Packet Inspection Transformer: A Self-Supervised Journey to Unseen Malware Detection with Few Samples

TL;DR

This paper introduces a self-supervised transformer-based method for malware detection in network traffic, capable of generalizing to unseen threats with minimal labeled data, outperforming traditional supervised approaches.

Contribution

It proposes a novel self-supervised transformer model trained on unlabeled network data, enabling effective few-shot malware detection and improved generalization to unseen attacks.

Findings

Achieves up to 94.76% accuracy on UNSW-NB15 dataset.

Attains 83.25% accuracy on CIC-IoT23 dataset.

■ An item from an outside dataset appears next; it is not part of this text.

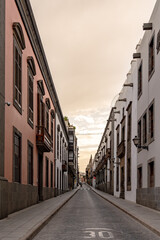 Obraz premium Walking along the old district of las palmas, vegueta. canary islands 2024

Demonstrates strong generalization to unseen malware with limited labeled samples.

Abstract

As networks continue to expand and become more interconnected, the need for novel malware detection methods becomes more pronounced. Traditional security measures are increasingly inadequate against the sophistication of modern cyber attacks. Deep Packet Inspection (DPI) has been pivotal in enhancing network security, offering an in-depth analysis of network traffic that surpasses conventional monitoring techniques. DPI not only examines the metadata of network packets, but also dives into the actual content being carried within the packet payloads, providing a comprehensive view of the data flowing through networks. While the integration of advanced deep learning techniques with DPI has introduced modern methodologies into malware detection and network traffic classification, state-of-the-art supervised learning approaches are limited by their reliance on large amounts of annotated data and their inability to generalize to novel, unseen malware threats. To address these limitations, this paper leverages the recent advancements in self-supervised learning (SSL) and few-shot learning (FSL). Our proposed self-supervised approach trains a transformer via SSL to learn the embedding of packet content, including payload, from vast amounts of unlabeled data by masking portions of packets, leading to a learned representation that generalizes to various downstream tasks. Once the representation is extracted from the packets, they are used to train a malware detection algorithm. The representation obtained from the transformer is then used to adapt the malware detector to novel types of attacks using few-shot learning approaches. Our experimental results demonstrate that our method achieves classification accuracies of up to 94.76% on the UNSW-NB15 dataset and 83.25% on the CIC-IoT23 dataset.